> [Task requirements] Extract each line holding the word "Honda" from the entries.

──────── Provided data ────────

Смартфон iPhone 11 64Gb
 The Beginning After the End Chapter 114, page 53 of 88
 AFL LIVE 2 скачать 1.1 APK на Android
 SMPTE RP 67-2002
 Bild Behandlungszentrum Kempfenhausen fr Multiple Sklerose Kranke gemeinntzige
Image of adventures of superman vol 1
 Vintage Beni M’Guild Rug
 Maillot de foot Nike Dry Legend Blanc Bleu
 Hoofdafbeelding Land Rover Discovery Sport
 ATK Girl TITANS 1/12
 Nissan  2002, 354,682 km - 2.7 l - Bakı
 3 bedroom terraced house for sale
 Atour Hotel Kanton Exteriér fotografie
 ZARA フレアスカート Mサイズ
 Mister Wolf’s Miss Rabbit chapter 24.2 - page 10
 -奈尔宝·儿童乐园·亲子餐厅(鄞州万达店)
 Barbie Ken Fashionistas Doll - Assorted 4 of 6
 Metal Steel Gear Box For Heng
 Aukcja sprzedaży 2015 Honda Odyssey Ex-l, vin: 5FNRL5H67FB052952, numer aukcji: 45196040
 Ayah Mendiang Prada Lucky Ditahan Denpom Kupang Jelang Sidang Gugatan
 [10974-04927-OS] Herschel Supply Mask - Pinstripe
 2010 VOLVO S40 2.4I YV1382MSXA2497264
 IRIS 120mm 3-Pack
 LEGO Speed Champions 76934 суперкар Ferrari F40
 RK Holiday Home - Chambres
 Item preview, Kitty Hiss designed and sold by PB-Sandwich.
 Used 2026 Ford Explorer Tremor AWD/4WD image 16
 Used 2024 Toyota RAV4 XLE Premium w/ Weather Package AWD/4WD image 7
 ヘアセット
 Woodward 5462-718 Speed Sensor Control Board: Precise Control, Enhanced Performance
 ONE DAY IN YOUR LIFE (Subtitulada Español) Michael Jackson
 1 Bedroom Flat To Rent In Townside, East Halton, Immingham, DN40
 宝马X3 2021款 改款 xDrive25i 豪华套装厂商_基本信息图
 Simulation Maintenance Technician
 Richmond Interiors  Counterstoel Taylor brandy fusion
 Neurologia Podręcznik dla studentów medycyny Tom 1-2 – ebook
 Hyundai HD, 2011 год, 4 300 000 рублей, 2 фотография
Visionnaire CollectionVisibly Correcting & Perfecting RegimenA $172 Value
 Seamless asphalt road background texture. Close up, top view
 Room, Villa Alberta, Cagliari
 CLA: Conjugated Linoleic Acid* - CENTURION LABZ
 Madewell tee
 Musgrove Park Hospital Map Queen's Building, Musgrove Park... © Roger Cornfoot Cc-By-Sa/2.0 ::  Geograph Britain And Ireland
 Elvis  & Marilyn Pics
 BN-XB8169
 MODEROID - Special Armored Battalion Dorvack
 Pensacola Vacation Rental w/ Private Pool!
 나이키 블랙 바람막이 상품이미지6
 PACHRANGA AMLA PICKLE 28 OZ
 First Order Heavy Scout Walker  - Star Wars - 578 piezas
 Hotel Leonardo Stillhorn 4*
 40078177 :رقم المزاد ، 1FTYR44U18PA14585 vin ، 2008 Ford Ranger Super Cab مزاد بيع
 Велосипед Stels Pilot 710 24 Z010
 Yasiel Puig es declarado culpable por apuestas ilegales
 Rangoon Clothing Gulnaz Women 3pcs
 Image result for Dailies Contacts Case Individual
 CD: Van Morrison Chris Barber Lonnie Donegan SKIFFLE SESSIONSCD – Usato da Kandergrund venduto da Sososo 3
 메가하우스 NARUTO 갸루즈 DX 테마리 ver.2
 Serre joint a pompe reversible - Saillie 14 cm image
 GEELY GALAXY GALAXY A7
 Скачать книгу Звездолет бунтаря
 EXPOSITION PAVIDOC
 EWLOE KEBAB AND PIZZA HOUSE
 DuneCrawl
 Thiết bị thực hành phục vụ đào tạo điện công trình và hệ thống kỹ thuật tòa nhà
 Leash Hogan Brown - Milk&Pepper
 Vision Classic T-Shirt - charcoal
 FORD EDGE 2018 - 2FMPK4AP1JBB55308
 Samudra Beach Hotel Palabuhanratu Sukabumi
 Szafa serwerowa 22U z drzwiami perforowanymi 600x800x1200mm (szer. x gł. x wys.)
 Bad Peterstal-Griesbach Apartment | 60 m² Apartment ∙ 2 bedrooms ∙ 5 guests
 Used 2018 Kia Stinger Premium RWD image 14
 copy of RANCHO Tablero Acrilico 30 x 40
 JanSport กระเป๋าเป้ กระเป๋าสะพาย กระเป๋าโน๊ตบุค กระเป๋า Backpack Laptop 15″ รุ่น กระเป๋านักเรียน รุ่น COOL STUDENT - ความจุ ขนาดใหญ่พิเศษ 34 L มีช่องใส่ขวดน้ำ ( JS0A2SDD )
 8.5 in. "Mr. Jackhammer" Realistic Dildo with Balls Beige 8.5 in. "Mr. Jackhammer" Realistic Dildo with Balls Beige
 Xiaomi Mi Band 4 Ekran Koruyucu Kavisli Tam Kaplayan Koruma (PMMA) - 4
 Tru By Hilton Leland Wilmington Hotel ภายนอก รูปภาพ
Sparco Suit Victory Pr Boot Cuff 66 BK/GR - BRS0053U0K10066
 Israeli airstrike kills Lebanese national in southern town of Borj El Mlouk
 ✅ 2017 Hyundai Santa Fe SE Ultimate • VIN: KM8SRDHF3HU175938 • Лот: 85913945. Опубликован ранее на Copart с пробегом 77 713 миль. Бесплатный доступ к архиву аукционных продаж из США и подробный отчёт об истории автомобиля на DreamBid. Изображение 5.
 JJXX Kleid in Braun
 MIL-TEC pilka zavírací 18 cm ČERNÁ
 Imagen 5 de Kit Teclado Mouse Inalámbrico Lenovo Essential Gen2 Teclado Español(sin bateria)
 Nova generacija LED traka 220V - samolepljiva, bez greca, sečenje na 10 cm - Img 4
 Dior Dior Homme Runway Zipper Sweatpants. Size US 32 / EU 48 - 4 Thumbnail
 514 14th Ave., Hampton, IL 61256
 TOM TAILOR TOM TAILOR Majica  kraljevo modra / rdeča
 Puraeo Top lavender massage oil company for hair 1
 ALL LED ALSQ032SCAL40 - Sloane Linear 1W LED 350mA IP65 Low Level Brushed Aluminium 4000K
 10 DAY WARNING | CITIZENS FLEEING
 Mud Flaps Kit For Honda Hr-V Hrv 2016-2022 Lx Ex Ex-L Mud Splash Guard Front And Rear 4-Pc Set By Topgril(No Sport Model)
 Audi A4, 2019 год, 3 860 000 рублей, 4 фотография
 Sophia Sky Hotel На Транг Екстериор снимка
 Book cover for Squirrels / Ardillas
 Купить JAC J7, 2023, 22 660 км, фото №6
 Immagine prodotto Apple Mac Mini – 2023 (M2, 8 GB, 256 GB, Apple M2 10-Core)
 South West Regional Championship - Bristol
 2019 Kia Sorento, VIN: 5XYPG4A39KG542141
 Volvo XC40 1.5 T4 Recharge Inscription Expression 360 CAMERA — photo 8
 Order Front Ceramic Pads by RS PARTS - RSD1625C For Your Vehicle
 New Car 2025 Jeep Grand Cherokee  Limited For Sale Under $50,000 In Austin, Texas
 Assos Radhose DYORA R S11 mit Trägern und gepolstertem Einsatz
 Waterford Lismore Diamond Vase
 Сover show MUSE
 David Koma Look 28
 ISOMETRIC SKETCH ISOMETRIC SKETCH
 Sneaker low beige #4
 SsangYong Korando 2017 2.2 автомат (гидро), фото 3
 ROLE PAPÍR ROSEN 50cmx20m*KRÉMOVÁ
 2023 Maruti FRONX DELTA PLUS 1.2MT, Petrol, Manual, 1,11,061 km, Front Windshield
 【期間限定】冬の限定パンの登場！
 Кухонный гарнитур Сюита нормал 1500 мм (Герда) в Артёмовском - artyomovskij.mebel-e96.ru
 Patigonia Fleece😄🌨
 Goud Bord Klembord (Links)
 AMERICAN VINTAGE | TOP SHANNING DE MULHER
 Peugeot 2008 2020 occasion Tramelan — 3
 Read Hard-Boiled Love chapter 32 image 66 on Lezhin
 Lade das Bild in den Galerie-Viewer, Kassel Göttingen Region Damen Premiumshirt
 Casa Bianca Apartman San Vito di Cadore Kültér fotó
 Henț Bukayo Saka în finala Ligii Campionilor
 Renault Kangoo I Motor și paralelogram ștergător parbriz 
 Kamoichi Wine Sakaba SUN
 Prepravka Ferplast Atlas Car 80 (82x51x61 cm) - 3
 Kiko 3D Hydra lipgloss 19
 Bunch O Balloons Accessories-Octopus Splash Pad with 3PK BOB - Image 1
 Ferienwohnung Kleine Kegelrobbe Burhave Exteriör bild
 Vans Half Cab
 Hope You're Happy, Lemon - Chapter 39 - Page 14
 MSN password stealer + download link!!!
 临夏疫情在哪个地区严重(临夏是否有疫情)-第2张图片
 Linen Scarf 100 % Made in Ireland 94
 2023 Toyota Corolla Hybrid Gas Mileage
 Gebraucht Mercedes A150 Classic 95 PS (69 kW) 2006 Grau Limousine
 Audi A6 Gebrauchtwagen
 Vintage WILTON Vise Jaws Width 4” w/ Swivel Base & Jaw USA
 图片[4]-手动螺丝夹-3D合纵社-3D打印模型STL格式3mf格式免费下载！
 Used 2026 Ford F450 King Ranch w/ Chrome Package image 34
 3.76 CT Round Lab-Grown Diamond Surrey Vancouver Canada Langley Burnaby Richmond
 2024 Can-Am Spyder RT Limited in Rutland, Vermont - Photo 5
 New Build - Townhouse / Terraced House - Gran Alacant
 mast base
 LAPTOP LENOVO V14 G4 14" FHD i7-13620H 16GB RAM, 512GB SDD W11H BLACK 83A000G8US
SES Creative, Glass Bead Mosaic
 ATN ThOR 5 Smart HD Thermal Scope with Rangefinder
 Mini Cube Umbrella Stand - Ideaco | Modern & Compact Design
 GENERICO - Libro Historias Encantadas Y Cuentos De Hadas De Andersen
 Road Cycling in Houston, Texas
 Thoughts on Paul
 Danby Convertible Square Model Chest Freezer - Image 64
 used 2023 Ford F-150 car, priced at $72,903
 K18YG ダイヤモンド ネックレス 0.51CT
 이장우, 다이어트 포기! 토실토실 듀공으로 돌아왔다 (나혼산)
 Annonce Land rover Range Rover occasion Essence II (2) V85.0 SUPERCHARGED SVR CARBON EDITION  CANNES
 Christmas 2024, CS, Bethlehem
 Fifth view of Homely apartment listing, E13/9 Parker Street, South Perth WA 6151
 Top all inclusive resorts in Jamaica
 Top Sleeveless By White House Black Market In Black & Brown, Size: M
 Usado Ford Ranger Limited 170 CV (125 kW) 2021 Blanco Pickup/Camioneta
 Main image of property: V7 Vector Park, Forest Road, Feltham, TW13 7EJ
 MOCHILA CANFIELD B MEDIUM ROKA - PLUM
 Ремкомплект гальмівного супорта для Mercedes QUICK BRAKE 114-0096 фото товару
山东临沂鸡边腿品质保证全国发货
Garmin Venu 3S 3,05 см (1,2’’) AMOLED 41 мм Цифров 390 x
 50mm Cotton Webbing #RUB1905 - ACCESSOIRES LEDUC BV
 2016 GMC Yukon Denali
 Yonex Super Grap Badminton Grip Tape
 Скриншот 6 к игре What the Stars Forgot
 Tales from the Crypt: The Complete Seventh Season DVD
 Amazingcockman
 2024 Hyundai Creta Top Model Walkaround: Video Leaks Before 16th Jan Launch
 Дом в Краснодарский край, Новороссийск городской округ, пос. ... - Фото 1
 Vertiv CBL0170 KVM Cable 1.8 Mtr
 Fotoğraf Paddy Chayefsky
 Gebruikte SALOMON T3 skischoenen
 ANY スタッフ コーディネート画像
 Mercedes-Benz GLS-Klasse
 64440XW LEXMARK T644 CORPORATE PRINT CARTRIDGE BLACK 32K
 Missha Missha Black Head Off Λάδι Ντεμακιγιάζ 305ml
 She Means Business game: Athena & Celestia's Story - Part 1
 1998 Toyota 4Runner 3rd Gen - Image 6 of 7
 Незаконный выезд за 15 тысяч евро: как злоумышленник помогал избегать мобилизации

────────

> [Exercise response]
 Aukcja sprzedaży 2015 Honda Odyssey Ex-l, vin: 5FNRL5H67FB052952, numer aukcji: 45196040
 Mud Flaps Kit For Honda Hr-V Hrv 2016-2022 Lx Ex Ex-L Mud Splash Guard Front And Rear 4-Pc Set By Topgril(No Sport Model)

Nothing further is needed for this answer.